Sara no le había hecho preguntas cuando se presentó en su casa a por su equipaje, como si fuera lo más natural que se fuera a vivir con una mujer que había conocido la tarde anterior. Tan sólo le contó algo sobre Farida: era una mujer rica. Había estado casada con un hombre que al morir, cinco años atrás, le había dejado una fortuna. Ella escribía, pensaba y acudía a cualquier lugar donde pudiera participar en una buena discusión sobre los secretos de la naturaleza del ser humano.

Marvin se sorprendió al darse cuenta de que en realidad no sabía nada sobre Farida. Él había vaciado su alma ante ella, pero ella no le había mostrado la suya.

En cuanto regresó a casa de Farida le pidió que le contara quién era, qué quería, qué sentía y así la noche los sorprendió de nuevo y luego la madrugada, y volvieron a amanecer envueltos el uno en los brazos del otro.

Y aquella mañana era tan feliz como lo era todas las mañanas desde que amanecía junto a ella.

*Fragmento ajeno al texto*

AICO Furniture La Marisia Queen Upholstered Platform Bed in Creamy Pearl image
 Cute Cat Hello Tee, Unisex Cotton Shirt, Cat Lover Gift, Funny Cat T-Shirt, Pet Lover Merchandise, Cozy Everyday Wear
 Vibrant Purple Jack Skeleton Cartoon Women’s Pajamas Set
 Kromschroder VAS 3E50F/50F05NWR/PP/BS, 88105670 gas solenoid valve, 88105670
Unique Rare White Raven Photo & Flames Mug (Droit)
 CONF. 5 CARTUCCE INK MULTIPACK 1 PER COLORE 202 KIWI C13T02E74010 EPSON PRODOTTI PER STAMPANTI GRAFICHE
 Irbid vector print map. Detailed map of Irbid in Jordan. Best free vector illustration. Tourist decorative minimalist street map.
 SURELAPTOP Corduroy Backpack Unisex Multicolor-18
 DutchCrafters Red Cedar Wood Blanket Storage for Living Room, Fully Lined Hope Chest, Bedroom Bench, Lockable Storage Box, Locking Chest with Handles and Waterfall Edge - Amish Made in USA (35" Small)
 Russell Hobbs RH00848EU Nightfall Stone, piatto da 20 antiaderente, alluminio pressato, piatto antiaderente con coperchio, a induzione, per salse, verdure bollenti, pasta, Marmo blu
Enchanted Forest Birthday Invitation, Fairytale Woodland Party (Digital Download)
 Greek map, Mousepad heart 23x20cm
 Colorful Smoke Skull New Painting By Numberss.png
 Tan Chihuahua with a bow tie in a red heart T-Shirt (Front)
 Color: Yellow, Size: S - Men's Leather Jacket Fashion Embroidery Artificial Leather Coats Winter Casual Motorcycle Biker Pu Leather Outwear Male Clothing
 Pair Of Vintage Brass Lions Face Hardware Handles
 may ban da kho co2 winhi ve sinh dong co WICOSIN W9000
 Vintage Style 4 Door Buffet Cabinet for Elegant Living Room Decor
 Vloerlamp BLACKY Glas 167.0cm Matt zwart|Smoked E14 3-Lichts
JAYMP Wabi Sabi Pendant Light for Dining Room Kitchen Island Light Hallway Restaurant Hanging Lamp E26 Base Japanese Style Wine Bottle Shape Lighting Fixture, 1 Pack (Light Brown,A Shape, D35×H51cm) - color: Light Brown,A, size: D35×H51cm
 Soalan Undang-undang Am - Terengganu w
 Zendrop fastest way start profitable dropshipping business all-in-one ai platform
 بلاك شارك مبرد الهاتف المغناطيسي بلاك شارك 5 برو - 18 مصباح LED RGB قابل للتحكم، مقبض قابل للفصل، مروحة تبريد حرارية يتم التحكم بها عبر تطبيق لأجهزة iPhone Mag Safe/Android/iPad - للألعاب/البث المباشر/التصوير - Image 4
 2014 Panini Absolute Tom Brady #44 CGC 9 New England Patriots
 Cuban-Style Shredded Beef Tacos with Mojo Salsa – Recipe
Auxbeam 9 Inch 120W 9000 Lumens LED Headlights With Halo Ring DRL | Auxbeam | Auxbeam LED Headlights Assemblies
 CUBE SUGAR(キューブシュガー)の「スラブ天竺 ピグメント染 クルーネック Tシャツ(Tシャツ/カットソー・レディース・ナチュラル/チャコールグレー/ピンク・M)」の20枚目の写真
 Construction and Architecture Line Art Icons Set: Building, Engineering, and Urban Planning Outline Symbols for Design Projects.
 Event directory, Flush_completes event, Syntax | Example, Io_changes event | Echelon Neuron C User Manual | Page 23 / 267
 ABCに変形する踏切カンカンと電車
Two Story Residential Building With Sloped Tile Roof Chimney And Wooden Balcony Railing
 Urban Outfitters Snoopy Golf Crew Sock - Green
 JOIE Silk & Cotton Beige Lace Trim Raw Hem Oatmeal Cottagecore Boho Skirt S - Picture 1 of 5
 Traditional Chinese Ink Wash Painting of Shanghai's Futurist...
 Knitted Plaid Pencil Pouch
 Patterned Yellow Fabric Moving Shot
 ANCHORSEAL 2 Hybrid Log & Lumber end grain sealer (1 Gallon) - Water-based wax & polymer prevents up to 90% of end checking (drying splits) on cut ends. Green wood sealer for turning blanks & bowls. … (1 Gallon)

Marvin suspiró mientras clavaba sus ojos en los de Farida.

—¿Qué haremos hoy? —le preguntó expectante.

—Escribir. Benjamin Wilson insiste en publicarme un libro. Y tú harás lo mismo. Observa el reflejo del sol sobre las olas, deja que el aire entre en tus pulmones y acaricie tu corazón. Sonríe o llora, pero escribe.

Lo hizo. La obedecía como si fuera un niño. Farida había despejado las sombras de su alma y le había devuelto el placer de sentirse vivo.